In questo quinto capitolo della rubrica dedicata alla valutazione del rischio chimico andremo a spiegare quelle che sono le basi per una corretta valutazione del rischio da agenti chimici: ossia l'analisi delle informazioni che utilizziamo per la nostra valutazione del rischio chimico.

I componenti fondamentali di tale processo sono 2: il pericolo e l’esposizione. La prima componente è decritta mediante le classificazioni di pericolo in adeguamento al Regolamento CLP, la seconda invece deve tenere in considerazione molteplici fattori, quali la quantità, la frequenza di utilizzo, i tempi di esposizione, le misure di controllo previste, i DPI, la formazione, l’informazione, l’addestramento e, soprattutto,  i valori limite di esposizione professionale.

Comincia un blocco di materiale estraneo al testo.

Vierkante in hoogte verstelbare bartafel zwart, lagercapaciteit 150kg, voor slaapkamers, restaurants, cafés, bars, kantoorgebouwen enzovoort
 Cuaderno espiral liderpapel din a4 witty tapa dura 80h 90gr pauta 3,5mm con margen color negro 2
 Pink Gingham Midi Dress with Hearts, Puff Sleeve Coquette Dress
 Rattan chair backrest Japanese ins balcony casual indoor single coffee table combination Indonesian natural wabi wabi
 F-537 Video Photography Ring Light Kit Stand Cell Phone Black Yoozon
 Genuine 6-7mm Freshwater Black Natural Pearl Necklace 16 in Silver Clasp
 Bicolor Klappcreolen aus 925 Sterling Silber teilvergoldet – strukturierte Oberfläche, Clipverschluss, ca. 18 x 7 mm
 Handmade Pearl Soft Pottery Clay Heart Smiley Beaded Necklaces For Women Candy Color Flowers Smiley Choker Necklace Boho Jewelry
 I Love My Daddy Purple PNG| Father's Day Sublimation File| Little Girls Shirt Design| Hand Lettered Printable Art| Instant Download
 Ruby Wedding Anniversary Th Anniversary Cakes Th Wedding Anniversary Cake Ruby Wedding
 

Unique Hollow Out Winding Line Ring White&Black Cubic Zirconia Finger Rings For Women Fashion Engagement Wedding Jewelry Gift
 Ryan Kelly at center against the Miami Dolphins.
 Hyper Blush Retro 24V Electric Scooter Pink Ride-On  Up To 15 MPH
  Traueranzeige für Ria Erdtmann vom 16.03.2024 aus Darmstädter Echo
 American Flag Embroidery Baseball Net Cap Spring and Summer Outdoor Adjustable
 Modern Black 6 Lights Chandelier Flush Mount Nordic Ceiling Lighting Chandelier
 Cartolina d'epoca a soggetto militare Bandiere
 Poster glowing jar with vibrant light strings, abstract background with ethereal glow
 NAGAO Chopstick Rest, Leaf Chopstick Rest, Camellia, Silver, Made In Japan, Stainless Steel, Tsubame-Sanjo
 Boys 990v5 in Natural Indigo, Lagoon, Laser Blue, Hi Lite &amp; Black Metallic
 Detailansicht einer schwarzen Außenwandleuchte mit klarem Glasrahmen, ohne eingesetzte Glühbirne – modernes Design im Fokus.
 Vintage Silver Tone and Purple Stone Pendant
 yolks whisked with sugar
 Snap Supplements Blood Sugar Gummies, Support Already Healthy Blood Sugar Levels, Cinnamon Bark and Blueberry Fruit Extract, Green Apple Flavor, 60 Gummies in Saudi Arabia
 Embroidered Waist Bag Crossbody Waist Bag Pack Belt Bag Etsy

Dunque sorge spontaneo porgersi una domanda: qual è la fonte principe dei componenti sopra evidenziati? Ovviamente la Scheda Dati di Sicurezza (SDS), che risulta quindi fondamentale nel processo di individuazione del pericolo ma anche di valutazione e gestione del rischio.

Però, come abbiamo visto nelle precendenti puntate, di questi documenti ad oggi non ci si può fidare al 100%: infatti è fondamentale saper discernere fra informazioni di buona qualità ed informazioni che possono risultare fuorvianti, quindi conoscere le fonti di informazioni (ad es. banche dati ECHA e ISS) e la loro attendibilità, per poter verificare quanto viene comunicato dai fornitori. Ricordiamo anche che le banche dati sono dinamiche e in evoluzione, in quanto si arricchiscono di giorno in giorno di nuove informazioni da altre fonti normative di altri paesi e/o bibliografiche, secondo quanto previsto dal Regolamenti stessi e dei principi che gestiscono lo scambio di queste informazioni lungo le varie catene di approvvigionamento. In una realtà cosi dinamica e complessa le informazioni in entrata diventano quindi di fondamentale importanza e devono essere sempre più frequentemente monitorate e valutate da persone adeguatamente formate.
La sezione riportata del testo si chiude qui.